Monday, November 4, 2013

healing

Upfront, right now, I'll freely admit that I am the worst patient ever. I just want to feel better already. I absolutely hate sitting still & letting someone else take care of me. I hate not being able to bend over & put on my own fucking socks. This stinks. S is being wonderful about it all, which I think only makes it harder on me. He has voluntarily slept on the couch since Thursday. He's been cooking breakfast, lunch & dinner. Cleaning up, taking care of the pets, doing laundry. I love him to pieces for doing it all, but I fucking hate not being able to do it myself.
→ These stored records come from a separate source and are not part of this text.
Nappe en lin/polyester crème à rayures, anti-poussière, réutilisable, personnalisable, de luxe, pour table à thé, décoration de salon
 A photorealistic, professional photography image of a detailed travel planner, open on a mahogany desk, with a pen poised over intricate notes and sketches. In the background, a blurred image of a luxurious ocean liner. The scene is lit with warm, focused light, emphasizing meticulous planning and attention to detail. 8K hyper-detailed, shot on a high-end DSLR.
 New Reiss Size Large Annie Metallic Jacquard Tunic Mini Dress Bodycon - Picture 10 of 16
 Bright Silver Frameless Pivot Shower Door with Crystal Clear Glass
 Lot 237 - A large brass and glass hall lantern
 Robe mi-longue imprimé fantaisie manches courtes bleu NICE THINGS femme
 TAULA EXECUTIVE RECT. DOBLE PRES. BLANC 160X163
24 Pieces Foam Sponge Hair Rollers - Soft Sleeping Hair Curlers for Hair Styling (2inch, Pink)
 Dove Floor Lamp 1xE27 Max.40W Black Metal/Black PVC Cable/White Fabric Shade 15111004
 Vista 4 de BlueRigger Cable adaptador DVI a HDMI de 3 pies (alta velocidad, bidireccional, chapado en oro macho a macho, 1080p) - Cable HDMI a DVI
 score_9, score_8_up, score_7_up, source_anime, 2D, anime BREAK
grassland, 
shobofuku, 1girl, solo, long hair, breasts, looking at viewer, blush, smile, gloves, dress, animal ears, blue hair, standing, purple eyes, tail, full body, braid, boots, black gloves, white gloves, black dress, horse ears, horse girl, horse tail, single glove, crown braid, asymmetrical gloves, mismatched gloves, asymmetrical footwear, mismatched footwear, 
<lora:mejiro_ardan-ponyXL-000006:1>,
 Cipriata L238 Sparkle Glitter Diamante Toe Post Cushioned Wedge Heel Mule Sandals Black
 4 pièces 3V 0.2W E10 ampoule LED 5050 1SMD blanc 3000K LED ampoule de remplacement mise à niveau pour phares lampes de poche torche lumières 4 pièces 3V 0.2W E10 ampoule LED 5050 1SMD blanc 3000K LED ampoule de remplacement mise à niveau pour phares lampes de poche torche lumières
I'm 4 days post lap & completely over it. The first few days, the sheer happiness with our results was enough to distract me from the pain. No more. This hurts. Even on the Percocet, everything I try to do hurts. Yesterday S rearranged our living room so I could have a slightly more comfortable seat with a view of the TV. I felt like an invalid just plopped in my recliner waiting for everything to be done for me.

Add to this that I'm sleeping like shit. It hurts to get in bed. Laying down hurts. Getting back up to pee or rearrange pillows 35 times a night, hurts. I'm not a back sleeper, but I knew I'd need to sleep that way post-op. I ordered a big, U-shaped, pregnancy pillow(I hate having anything with a pregnancy label on it in the house) to help; it's helping but it doesn't have enough support under my head. So, all night long, I play musical pillows trying to get some support under my head that doesn't make my neck hurt. I'm cranky. I need more than 2 hours of sleep at a time.

I feel ungrateful. He stayed up late last night to make sure my laundry got dried. He got up early this morning to shower first so I could sleep a few extra minutes. He drive me to work because I'm not cleared to drive yet. Without a second thought or single complaint, he is taking amazing care of me. I thank him constantly, but we both know I hate every second of it.

I want to go back to taking care of myself. More over, I miss taking care of things for him. I want to cook dinner for us. I want to be able to take the dog for a walk so he doesn't have to. I want him to feel like he can sleep in our bed without ruining my sleep. I am no good at being the sick one, but I guess to get better, I need to submit to this. I fucking hate it.

He just shared this article with me on Facebook. It beautifully sums up marriage. It reminds me that he's taking care of me because he wants to make me happy. I just hate that I'm not able to reciprocate right now.


2 comments:

  1. I'm sorry, sweetie. I am also not good at being the patient, so I can relate to that sentiment. I hope your recovery moves along quickly and you're back up on your feet in no time! <3 you!